Matthew Seligman: “A Realistic Risk Assessment of ECA Manipulation in 2024”

The following is a guest post from Matthew Seligman:

Congress suddenly seems focused on reforming the Electoral Count Act as a fragile bipartisan consensus is emerging that the ECA is broken and must be fixed.  Critical questions remain about how to design a replacement.  The answers to those questions depend on the details of how the existing ECA could be manipulated, and a misdiagnosis could exacerbate the risks rather than eliminate them.

Today, I posted a short essay explaining why the dominant perspective among commentators and (it seems) some members of Congress is incorrect.  That perspective focuses on the risk that the two chambers of Congress would concurrently vote to reject a legitimate slate of electors.  That focus is understandable, because that’s exactly what Trump’s allies in Congress tried to do in 2021.  In prior scholarship, I have called that strategy the Two-Chamber Congressional Override, and it’s a serious problem that Congress must address.

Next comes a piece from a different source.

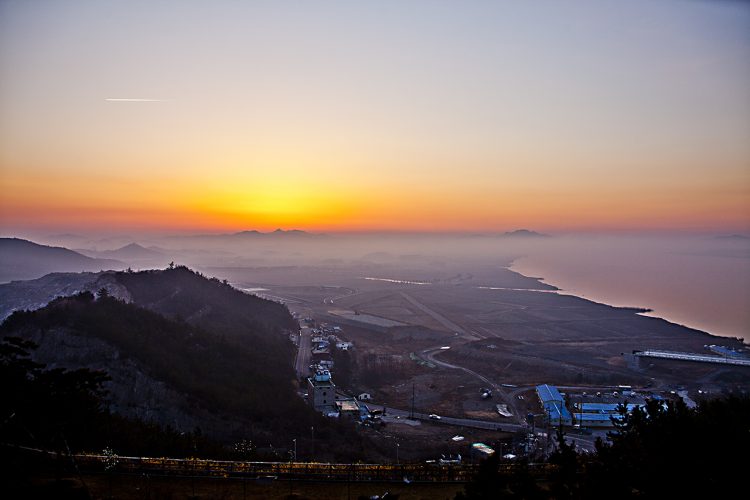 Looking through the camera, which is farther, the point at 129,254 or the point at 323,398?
the point at 129,254

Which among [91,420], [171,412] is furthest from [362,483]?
[171,412]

But it misses the greater risk in the foreseeable future: that a critical governor and a hyperpartisan House could steal a state’s electoral votes, without the Senate.

Here’s how, which I call the Swing State Governor’s Gambit: suppose an Irresponsible Party controls the House and the governorship in the critical tipping point swing state.  Think Florida in 2001, when Jeb Bush was governor and Republicans controlled the House.  Let’s assume that the Senate, which historically is more reasonable than the House on these issues, would always vote for the legitimate slate and against an illegitimate slate. And suppose the governor goes rogue and sends in an illegitimate slate of electors, ignoring the true results of the popular election in the state.  If no one sends in an alternative slate reflecting the true results, then only the rogue governor’s illegitimate slate reaches Congress.  And Section 15’s rules say that this single slate will be counted, unless both chambers concurrently vote to reject it.  Because the Irresponsible Party controls the House, it won’t do so.  Result: the rogue governor and the rogue House steal the state’s electoral votes.

And what if a heroic state official, like a secretary of state, bravely sends in an alternative slate of electors reflecting the true results of the popular election? The rogue governor’s illegitimate slate still gets counted.  In a multiple slate scenario like that, if the two chambers agree on which competing slate to count, then it counts.  The reasonable Senate votes to count the secretary of state’s legitimate slate. But the Irresponsible Party controls the House, which will vote to count the rogue governor’s illegitimate slate. And Section 15’s governor’s tie-breaker says that when the chambers disagree, the slate certified by the governor is counted. Result: the rogue governor and the rogue House steal the state’s electoral votes.

So there are at least two different ways that partisans could manipulate the ECA, the Two-Chamber Congressional Override and the Swing State Governor’s Gambit.  Congress seems to be focusing on the first, which requires that the Irresponsible Party controls both the House and the Senate to concurrently vote to reject a legitimate slate of electors.  And it is ignoring the second, which requires that the Irresponsible Party controls only one chamber of Congress and a critical governorship.

Because both strategies for manipulation are technically viable under the existing ECA, the relevant relative risk assessment turns on whether it is more likely that (a) the Irresponsible Party controls both the House of Representatives and the Senate, or (b) the Irresponsible Party controls both the House of Representatives and a critical swing state governorship. In other words, is it more likely that the Irresponsible Party controls the Senate or a critical governorship? I think that under plausible political assumptions about the Senate and swing state governors, it is vastly more likely that the Irresponsible Party would control a critical swing state governorship—like David Perdue in Georgia—than the Senate.  If I’m right about that, then the Swing State Governor’s Gambit is the most pressing threat.

Reform must therefore focus both on the risk that the chambers of Congress would together reverse the results of the presidential election and on the risk that the House of Representatives together with a governor would do so. And it must proceed with reform with full understanding that the realistic risk of the latter is far greater.